On se souvient qu'à la fin de Lola , la plupart des personnages principaux partaient pour Cherbourg, en particulier l'alter ego de Demy, Roland
Cassart, qu'on va retrouver dans les parapluies en diamantaire avisé. Il y a donc une continuité entre ces deux films, très joliment illustrée par un long travelling tournant dans le passage
Pommeraye déserté, en guise de flash back.
Demy voulait d'ailleurs tourner Les parapluies dès 1962, mais l'idée de financer un film ENTIEREMENT chanté, ce qui n'avait encore jamais été fait, inquiétait sérieusement les producteurs et le
montage du film a été plus long que prévu. Entre temps Demy a donc tourné La baie des anges.
Aujourd'hui encore c'est l'émorme pari esthétique que propose le film qui impressionne le plus. Tourner en 1962 un mélodrame avec uniquement des dialogues chantés, filmé en grande partie en
extérieur, il fallait vraiment oser. D'autant plus que Demy innove aussi au niveau des couleurs, particulièrement audacieuses. Il repeint les façades des maisons en couleurs vives, choisit des
papiers peints pour les intérieurs en fonction des robes des actrices, multiplie les contrastes rose/vert/rouge/orange/bleu.
L'histoire commence comme un gateau sucré et un peu indigeste, évolue vers un mélodrame doucereux, et finit par un dénouement sec comme un coup de trique.
C'est avant tout le film de la désillusion : l'amour n'est pas aussi fort qu'on peut l'espérer, et le temps arrive assez facilement à l'effriter. C'est aussi, en creux, un film très juste sur le
traumatisme de la guerre d'Algérie et ses conséquences. C'est enfin un remarquable exemple de symbiose dans une équipe de film (la musique de Michel Legrand évidemment essentielle, l'éclosion
d'une jeune Catherine Deneuve - 21 ans - sublime sous le regard d'un réalisateur très doué).
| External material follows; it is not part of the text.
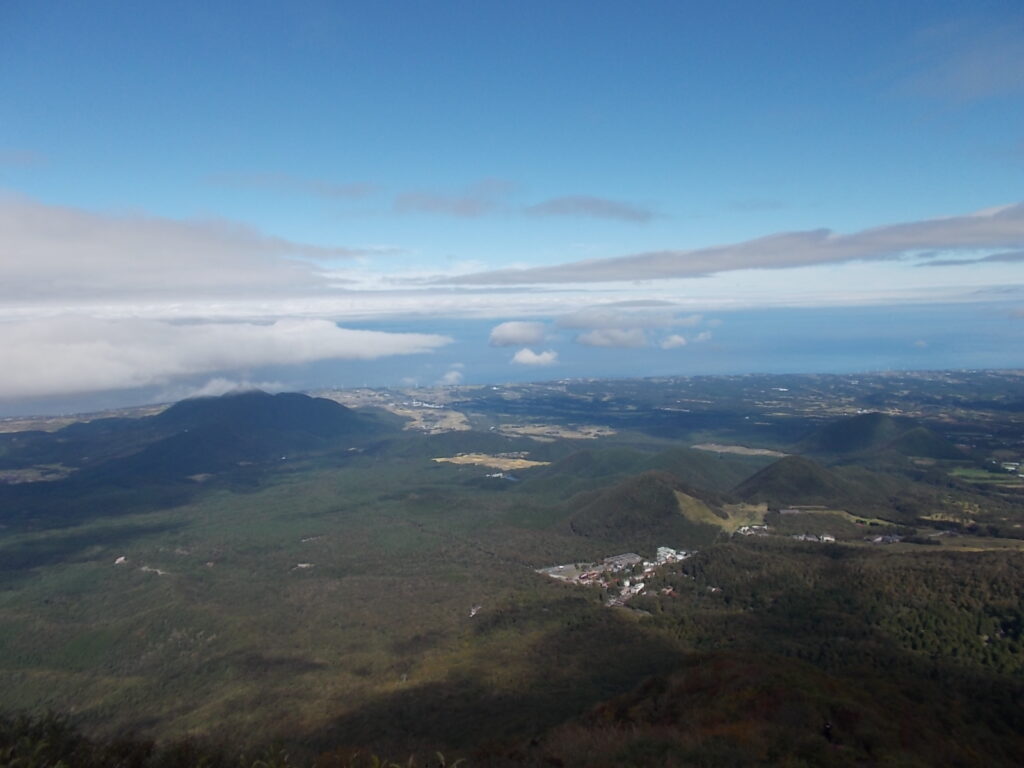 大山(だいせん)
Demy manifeste à son troisième long métrage une maitrise assez incroyable, très à l'aise dans le placement de la caméra, se permettant même de faire regarder les actrices droit dans les yeux des
spectateurs à plusieurs reprises. Sa façon de conter des histoires particulièrement cruelles (le héros principal couche avec une pute au moment ou sa marraine qui l'a élevé meurt, il refuse de
saluer sa fille à la fin du film, etc..) dans une ambiance de conte de fée, est très représentatif du style Demy.
Si Christophe Honoré ou des films comme Jeanne et le garçon formidable existent aujourd'hui, c'est probablement grâce aux Parapluies.